Dal Regno delle Due Sicilie a oggi c’è un legame mai sciolto tra Napoli e Catania: i due vulcani, il mare, ma anche le tradizioni gastronomiche si somigliano
Dal punto di vista turistico, poi, le attività da fare a Napoli sono quasi infinite. La città è in grado di regalare al visitatore scorci mozzafiato, passeggiate incantevoli, scoperte emozionanti. Certo, tutti conoscono la pizza e i babà (che fanno da contraltare alle specialità catanesi come la carne di cavallo o cannoli), o il Maschio Angioino e il Castel dell’Ovo, ma Napoli non è solo questo e soprattutto non è oleografia, ecco perché scriveremo di attività “alternative”.
Cupo è anche l’aggettivo che viene in mente quando si pensa ai quadri del Caravaggio, con le sue straordinarie combinazioni di luci e ombre: pur avendo vissuto meno di quattro anni a Napoli (in due fasi diverse della sua burrascosa esistenza), l’artista milanese ha però lasciato un ricco patrimonio artistico in città, ancora visibile in tre opere. La prima, la “Flagellazione di Cristo”, si trova al Museo Nazionale di Capodimonte e colpisce immediatamente per il contrasto tra la luce che illumina appieno il corpo straordinariamente realistico del Cristo e l’ombra che ammanta la parte restante del dipinto; al centro storico, presso la Quadreria del Pio Monte della Misericordia, si trova “Le sette opere di Misericordia”, che concentra la missione della Congregazione riportandone le opere caritatevoli svolte; la terza, infine, è “Il Martirio di Sant’Orsola” che si trova al Palazzo Zevallos Stigliano ed è proprio l’ultimo quadro completato dal Caravaggio nel 1610, a poche settimane dalla sua drammatica morte.

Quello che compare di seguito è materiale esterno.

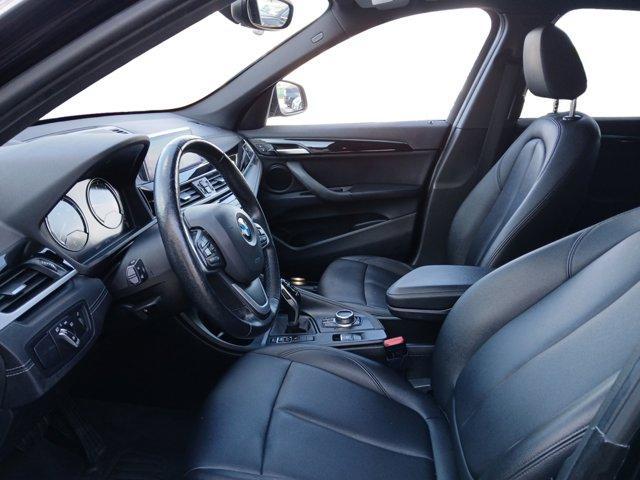 used 2021 BMW X1 car, priced at $18,995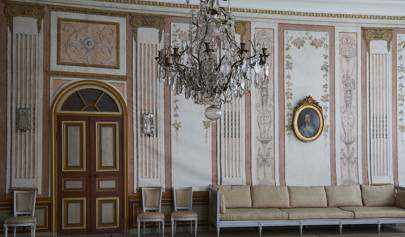 Svindersvik A French Inspired Manor House In Sweden House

Storia e letteratura (con una vena di “gossip”) si intrecciano mei luoghi speciali del centro partenopeo: è stato nella Basilica di San Lorenzo Maggiore che nel dodicesimo secolo Boccaccio si innamorò di Fiammetta (probabilmente la figlia di re Roberto d’Angiò), che spesso appare come personaggio nelle sue opere romantiche, mentre Francesco Petrarca è stato ospite del convento annesso. La Cappella Sansevero, invece, in origine cappella funeraria della famiglia Di Sangro, deve la sua fama alle bizzarrie del Principe Raimondo e, soprattutto, alla presenza del meraviglioso “Cristo velato”. La Chiesa e il convento di Santa Chiara sono stati costruiti da Roberto d’Angiò per la moglie Sancha nei primi anni del quattordicesimo secolo, e hanno riacquistato le loro caratteristiche gotiche (nascoste dalla ristrutturazione barocca del diciottesimo secolo) dopo la ricostruzione del dopoguerra, necessaria a causa degli effetti di un raid aereo nel 1943.